-- RECORD SET --
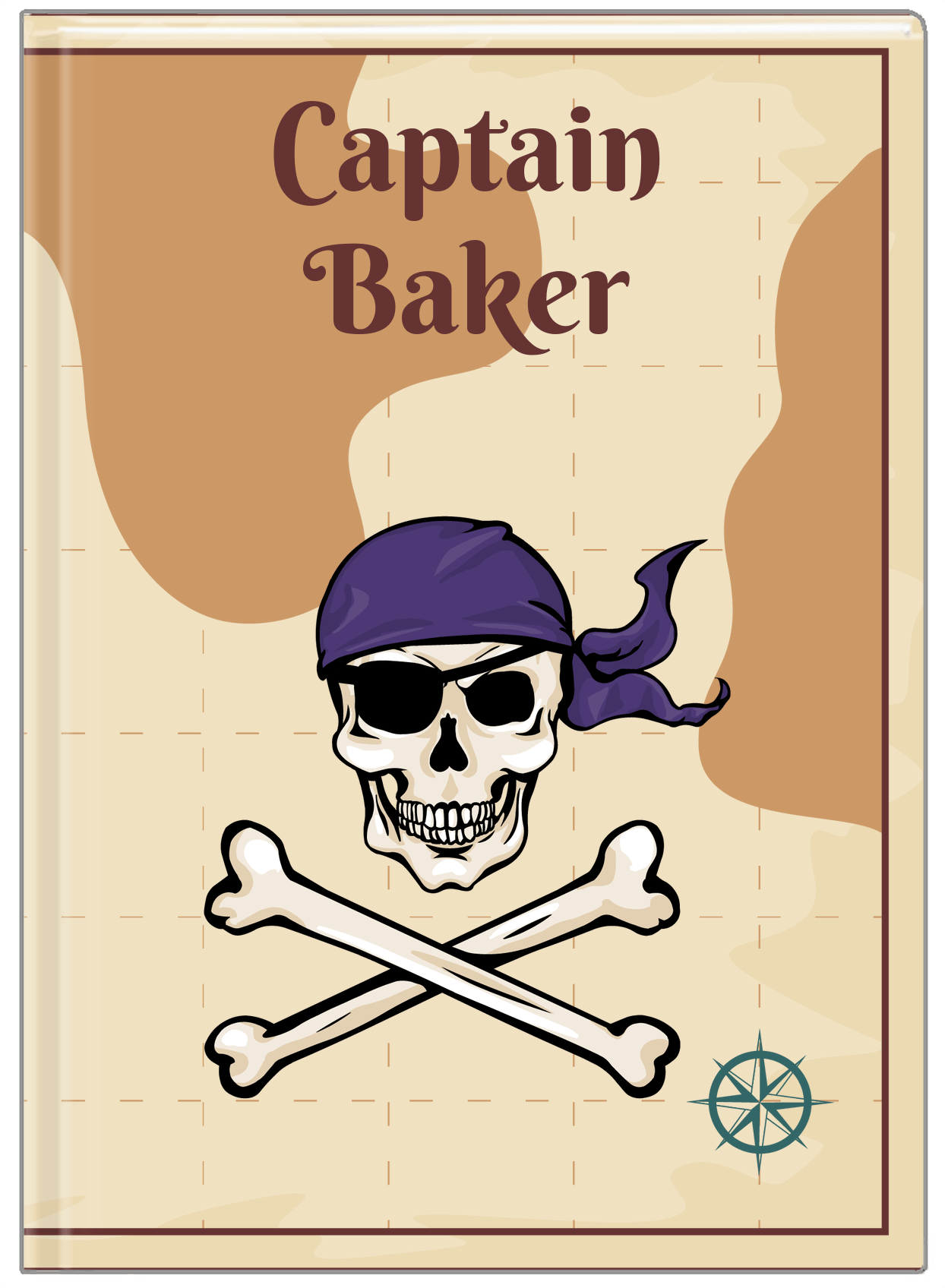 Personalized Pirates Journal - Crossbones, Bandana, & Eyepatch - Front View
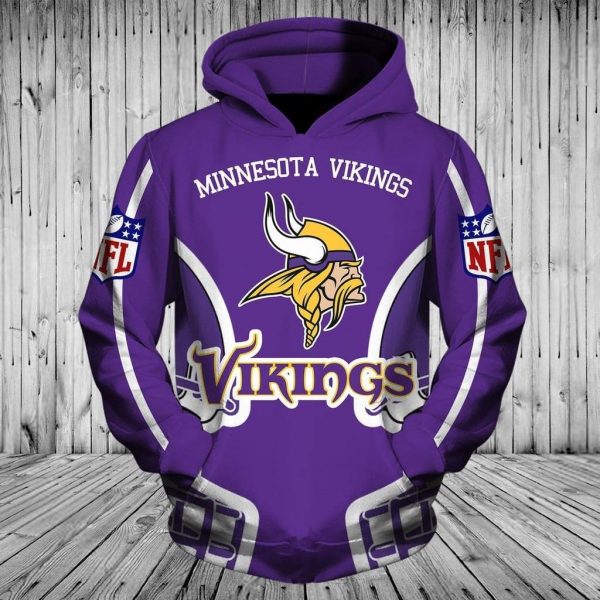 Minnesota Vikings 3D Printed Hoodie/Zipper Hoodie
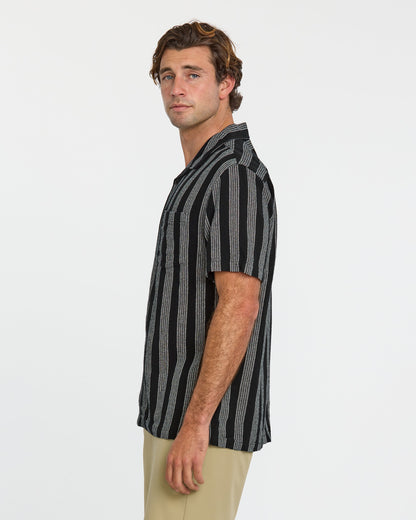 Nightfall Island Short Sleeve Shirt - Black - Quick Silver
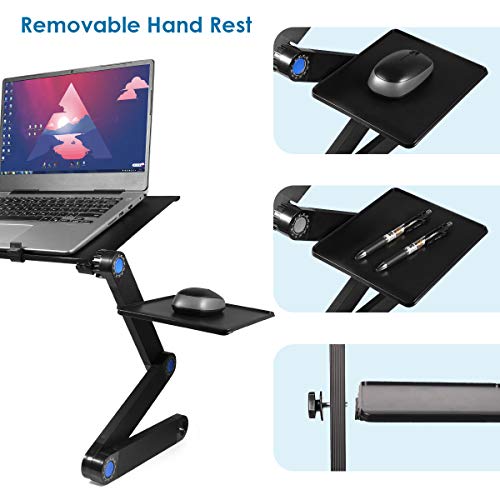 2020 New Adjustable Laptop Stand, Foldable Aluminum Laptop Desk with Large Cooling Fan & Mouse Pad for Bed, Sofa & Couch Lap Tray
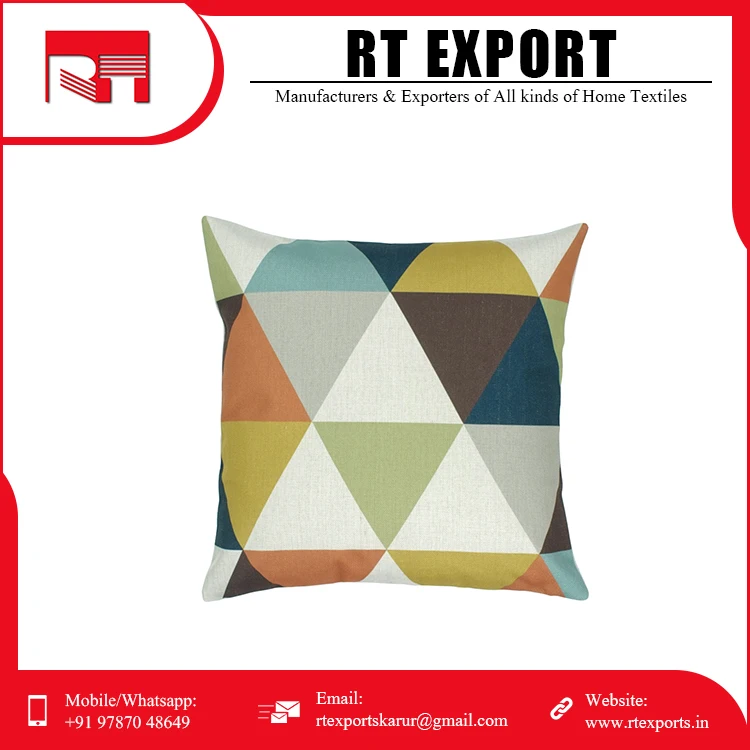 Hot Selling Premium Customized Print Cushion Covers 100% Organic Cotton Cushion Cover with Personalized Logo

-- WORK INSTRUCTIONS --
Only the lines from the line with "Minnesota Vikings 3D" to the end of the records should be repeated, exactly and without pictures.

-- RESULT OF THIS EXERCISE --
 Minnesota Vikings 3D Printed Hoodie/Zipper Hoodie
 Nightfall Island Short Sleeve Shirt - Black - Quick Silver
 2020 New Adjustable Laptop Stand, Foldable Aluminum Laptop Desk with Large Cooling Fan & Mouse Pad for Bed, Sofa & Couch Lap Tray
 Hot Selling Premium Customized Print Cushion Covers 100% Organic Cotton Cushion Cover with Personalized Logo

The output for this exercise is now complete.